Né en 1930 dans le Brabant wallon, je suis Wallon d’origine et Liégeois depuis 1953, mais je n’ai jamais été wallingant. Membre de la IVe Internationale depuis mai 1953, je suis internationaliste. Comme l’était évidemment Ernest Mandel.
En menant une lutte acharnée dès janvier 1965 contre le réactionnaire wallingant François Perin, j’ai été le principal fondateur et ensuite le plus actif dirigeant, de Liège à Mouscron, du Parti Wallon des Travailleurs (PWT). J’avais aussi été – quand nous l’avons décidé en Comité Central de la section belge au début de 1961 – un militant du mouvement populaire wallon (MPW) créé par André Renard. J’ai donc été opposé aux wallingants comme d’ailleurs aux flamingants.
Mandel, à juste titre, a dénoncé l’oppression nationale, pas seulement culturelle mais aussi sociale dont le peuple flamand a été victime tout au long du XIXe siècle et nous avions raison de dire que si le mouvement ouvrier, né en Belgique au début des années 80, avait appuyé la revendication culturelle du peuple flamand, le clergé flamand n’aurait pas pu apparaître comme son seul défenseur.
« La question nationale donne toujours du fil à retordre au mouvement socialiste » écrit Hendrik Patroons.
Défendre l’égalité des droits entre Flamands et Wallons n’est ni du flamingantisme ni du wallingantisme, mais un souci d’équité, de solidarité entre deux ailes de la classe ouvrière belge.

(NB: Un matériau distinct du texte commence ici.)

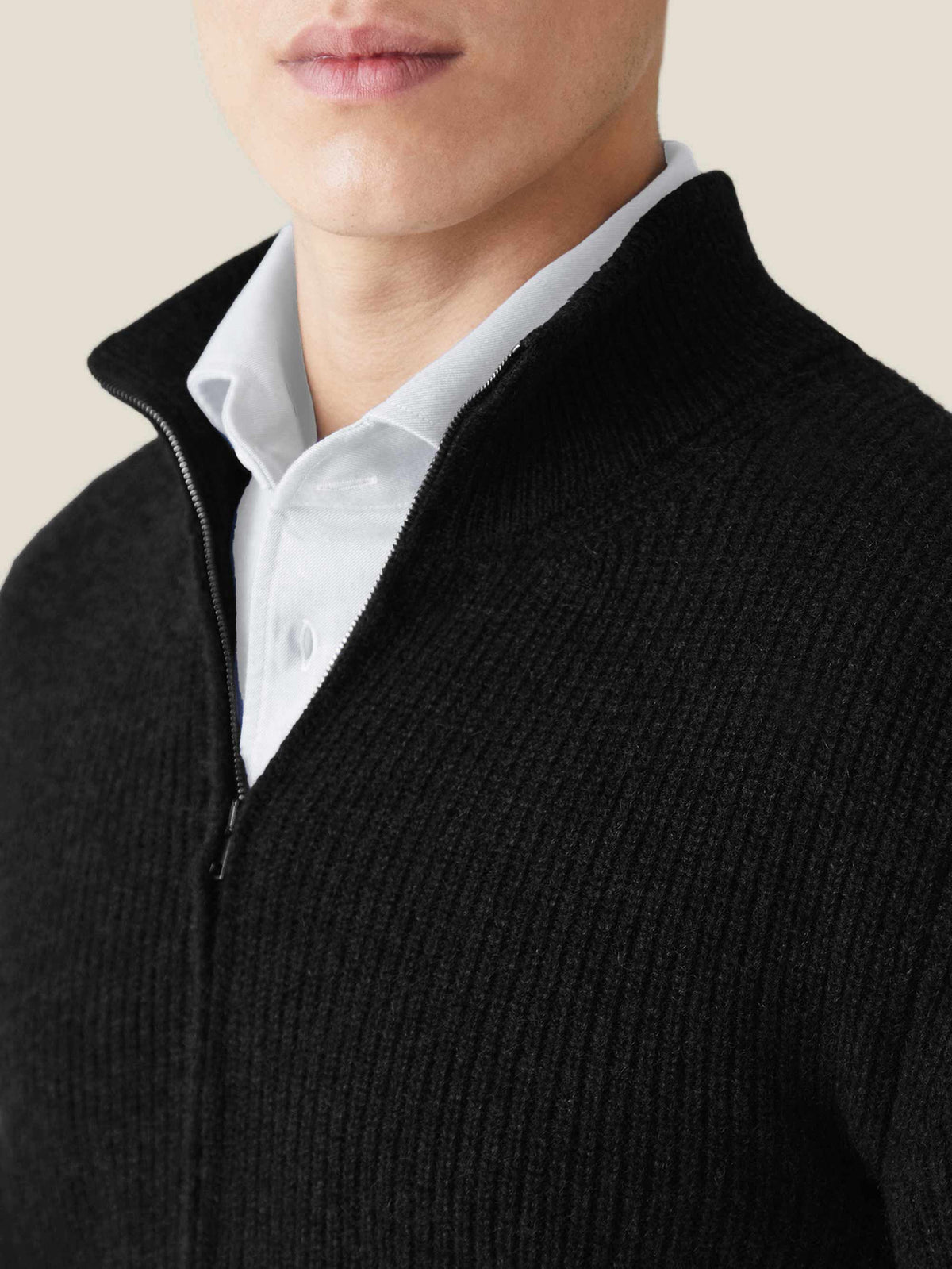 Close-up of a man wearing a black chunky knit cashmere zip cardigan, showing the ribbed texture and high collar.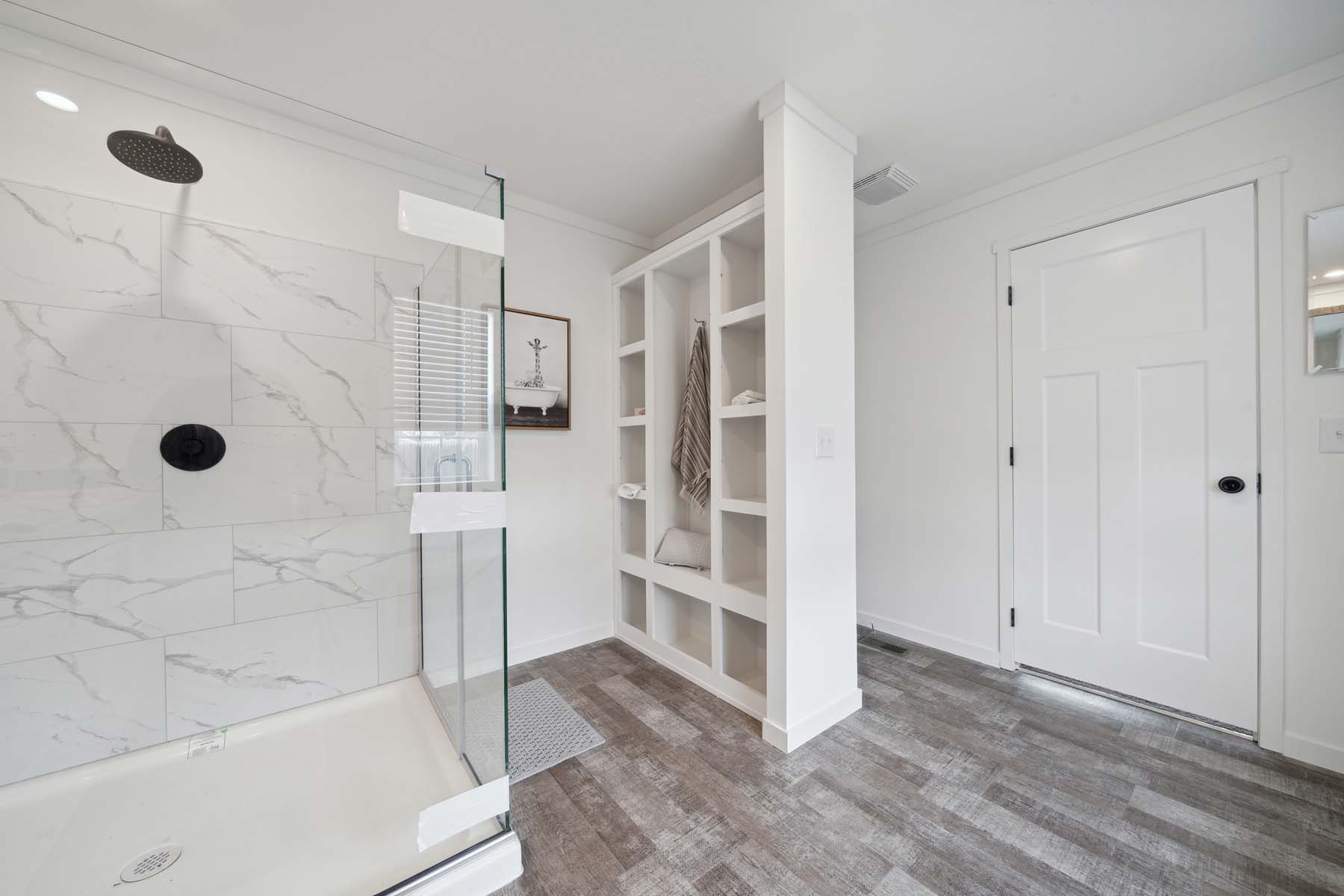 Modern bathroom with glass shower, marble tiles, open shelving with towels, and wood-style flooring. Bright, clean, and minimalist design.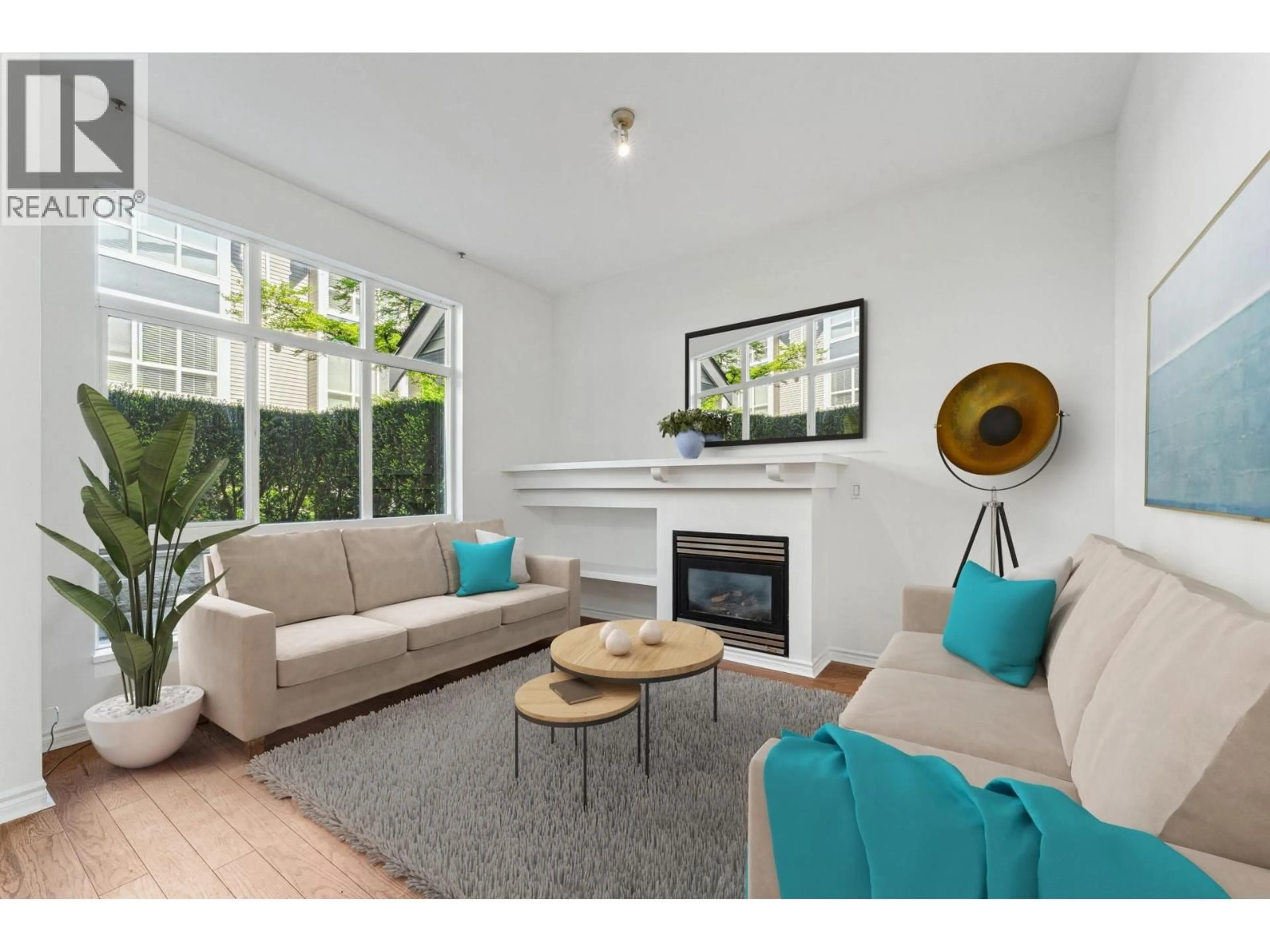 Living room with furniture, wood/laminate floor for 1 - 995 LYNN VALLEY ROAD, North Vancouver British Columbia V7J1Z6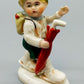Vintage Porzellan Figur Wanderjunge mit Regenschirm Klassisches Design
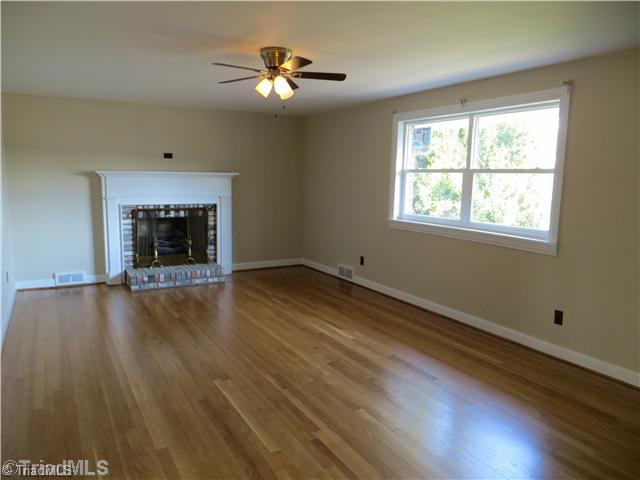 1859 Underpass Road Advance, NC 27006 - Photo 3 of 16 Living Room. Two arched doorways lead into the living room from the kitchen and entry.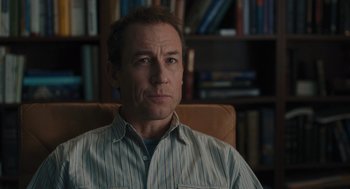 Movie still from “You Hurt My Feelings” (2023), directed by Nicole Holofcener – A person sitting in a chair in a room; Close Up shot, Over the shoulder angle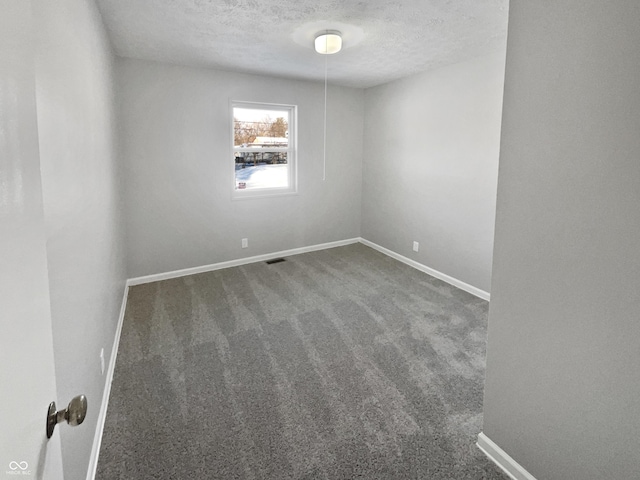 spare room with a textured ceiling and dark colored carpet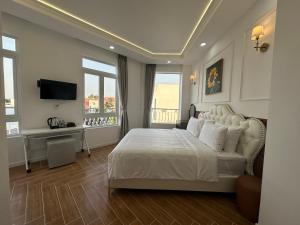 朱笃Paris Hotel Châu Đốc的卧室配有白色的床和电视。
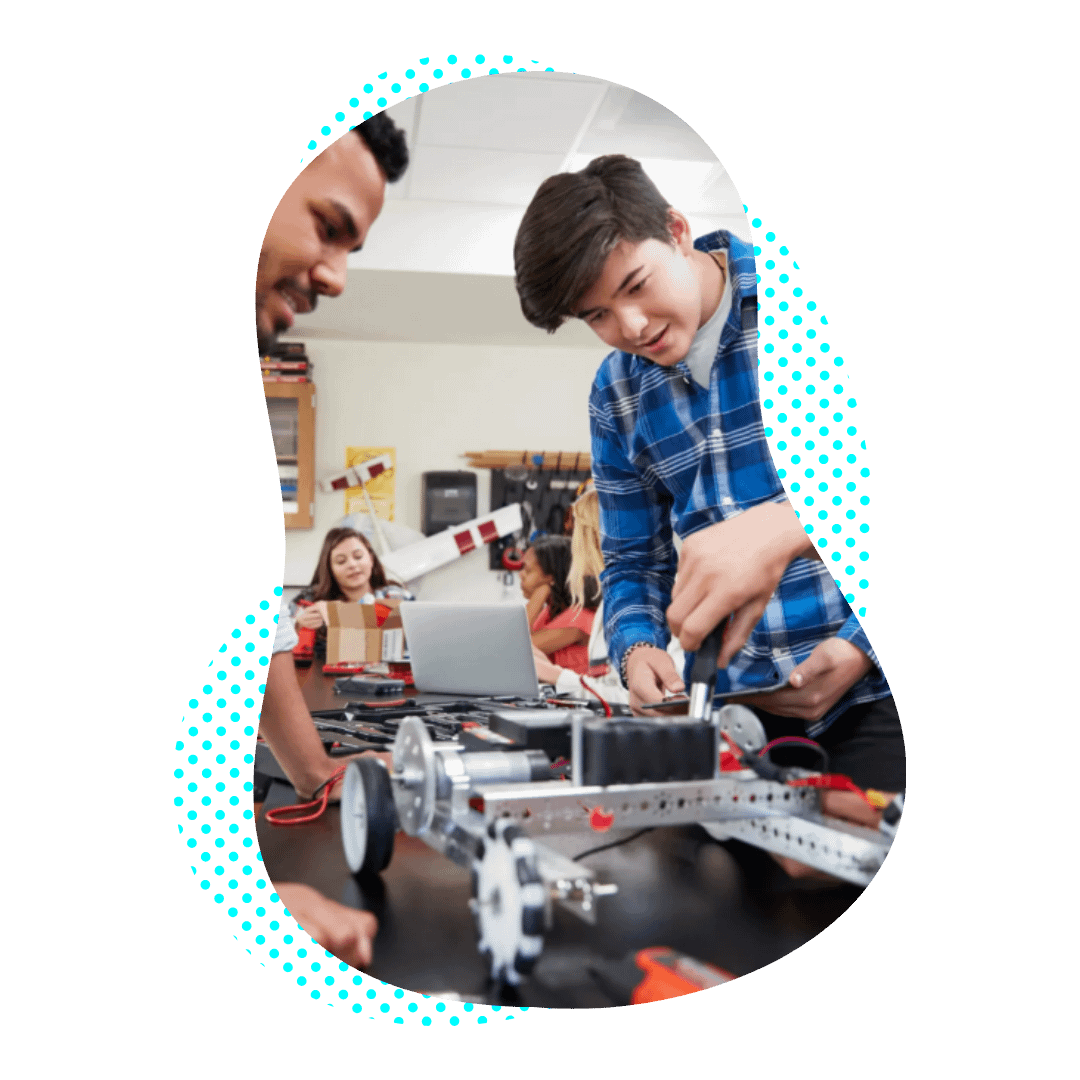 A teenager works on a Robot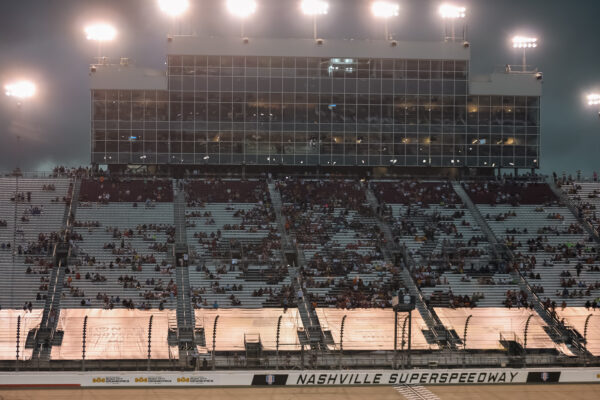 Aficionados resguardándose en la grada principal iluminada del autódromo de Nashville tras la lluvia
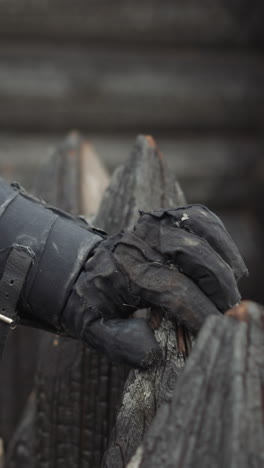 black knight hand rests on spiky wooden fence. evil warrior strikes ground with spear angrily waiting for opponent to come to duel closeup on blurred background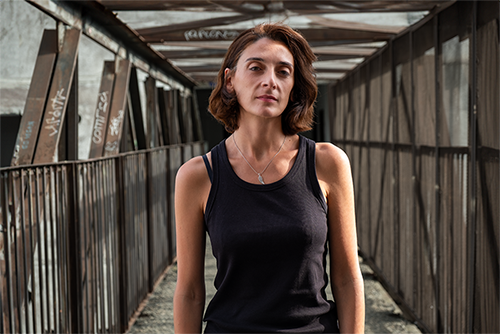 Natia Tavberidze, Human Rights House Tbilisi / Photo by Tamta Chkhaidze, at one of the bridges connecting “Shatili Buildings” in Tbilisi, Georgia, September 2024.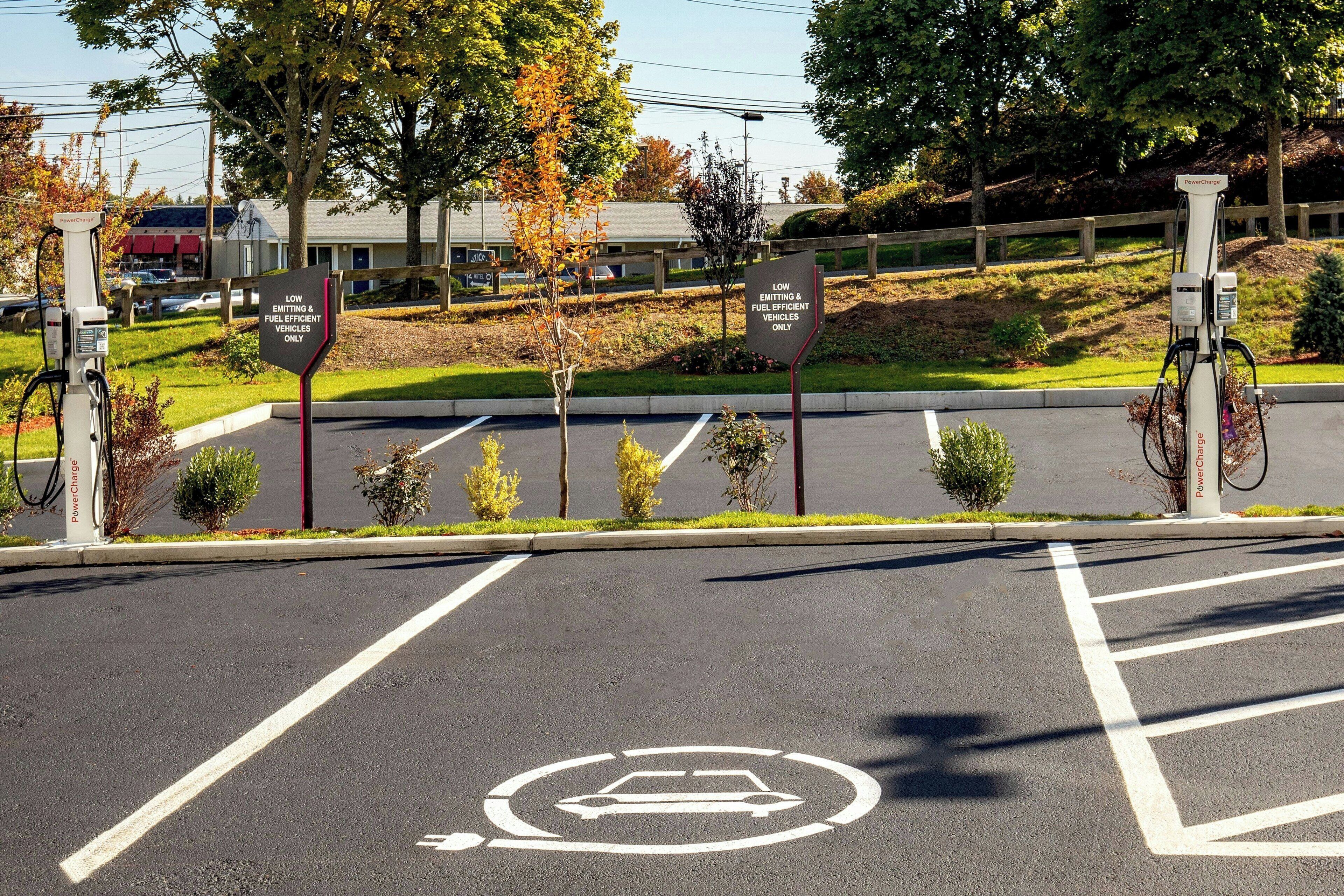 A parking area with electric vehicle charging stations and a designated parking spot for low emission vehicles.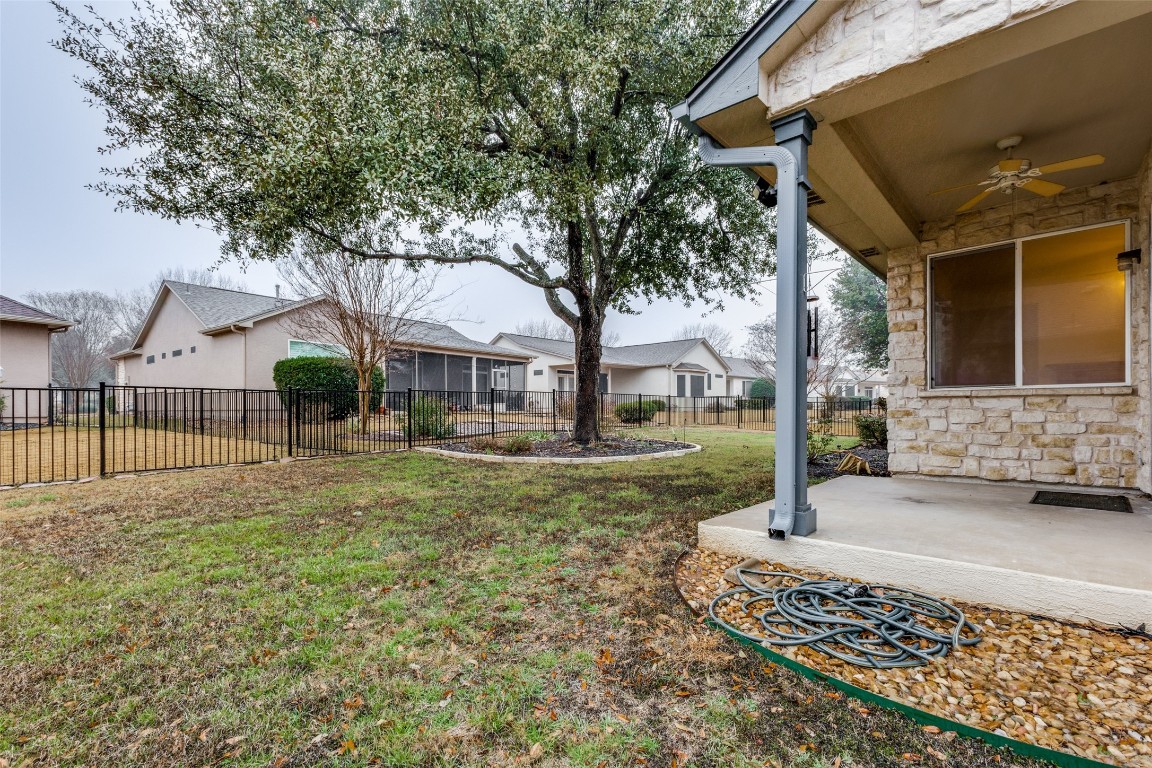 106 Prospector Pass Georgetown, TX 78633 - Photo 12 of 14 a front view of a house with garden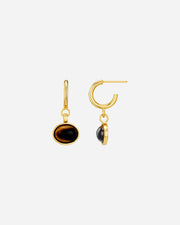 Gold hoop earrings with black stones on a white background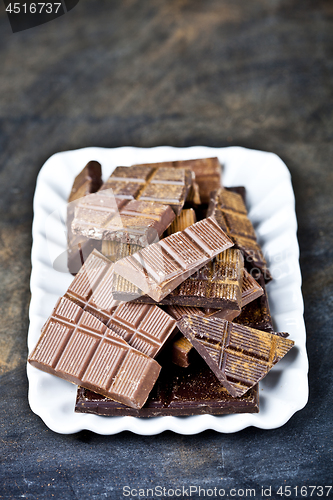 Image of Chocolate bar pieces heap witn cinnamon powder on white ceramic 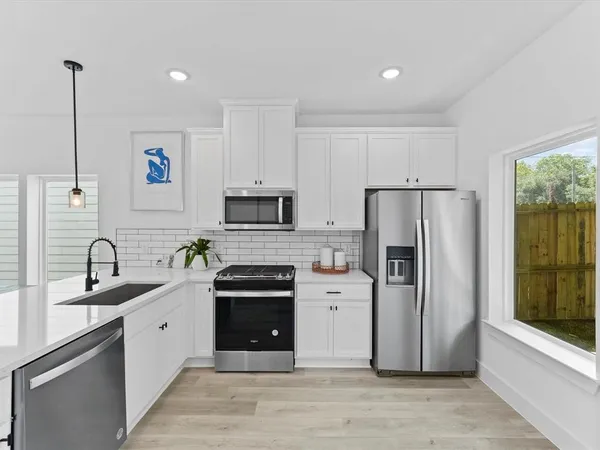 a kitchen with a sink appliances and cabinets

La façon dont Lénine a adopté le principe du droit des peuples à disposer d’eux-mêmes a été contradictoire avec la façon dont Rosa Luxemburg a traité cette question. Elle souhaitait l’indépendance de la Pologne face à la dictature tsariste mais elle a quitté son organisation socialiste polonaise pour adhérer au parti social-démocrate allemand.
Le droit des peuples défendu par Lénine a eu une conséquence dramatique : les ouvriers marxistes de Finlande et de Pologne ont été victimes de leur propre bourgeoisie nationale qui a pris le pouvoir dès la chute du tsarisme, au lieu de pouvoir rester des bataillons essentiels du parti bolchévik.
L’internationalisme nous a protégés des déviations nationalistes bénies par Staline et approuvées – drapeau national en avant – par les staliniens dès 1941.
Quand nous avons défendu le droit du peuple vietnamien puis celui du peuple algérien à l’indépendance nationale, ce n’était pas au détriment de la lutte anticapitaliste à mener dans ces deux pays.
Jamais la lutte pour des droits égaux des travailleurs flamands en tant que tels par rapport à ceux des travailleurs wallons n’a été la lutte prioritaire de la classe ouvrière par rapport à la lutte anticapitaliste. Mandel n’a ni écrit ni dit le contraire.
Dans un article que je n’ai pas pu lire et qu’il a écrit à 15 ou 16 ans, il a contesté les critiques « patriotiques » belges dans l’entre deux guerres contre le docteur Martens. Celui-ci avait été très ouvertement, sous l’occupation allemande de la Belgique entre 1914 et 1918, un collaborateur actif en public de l’armée de Guillaume II.
Il est clair que face à une guerre interimpérialiste, nous n’avions pas à appuyer l’Angleterre impérialiste contre la Prusse, mais à dénoncer les buts réels des belligérants cherchant à dominer le marché mondial.
Mais le docteur Martens n était pas seulement l’ami de l’armée prussienne. Il savait, lui – ce que le jeune Mandel ignorait sans doute – que cette armée avait commis ce que nous appelons aujourd’hui des crimes contre l’humanité, en massacrant à Liège, à Aarschot et surtout à Dinant plusieurs centaines de civils sans armes, femmes, enfants, tués sans nuance. Défendre Martens n’était donc pas du tout admissible mais Mandel aussi jeune a pu ne pas connaître cette horrible page d’histoire.
Pendant plus d’un demi-siècle de lutte de classe en Belgique et dans le monde, il a organisé et parfois dirigé des luttes exemplaires de travailleurs contre les impérialismes, contre le capitalisme.
Comme lui, que nous soyons Flamands ou Wallons, nous devons rester fidèles à l’idéal internationaliste. Celui de Trotsky, celui de Rosa Luxemburg, celui de Mandel.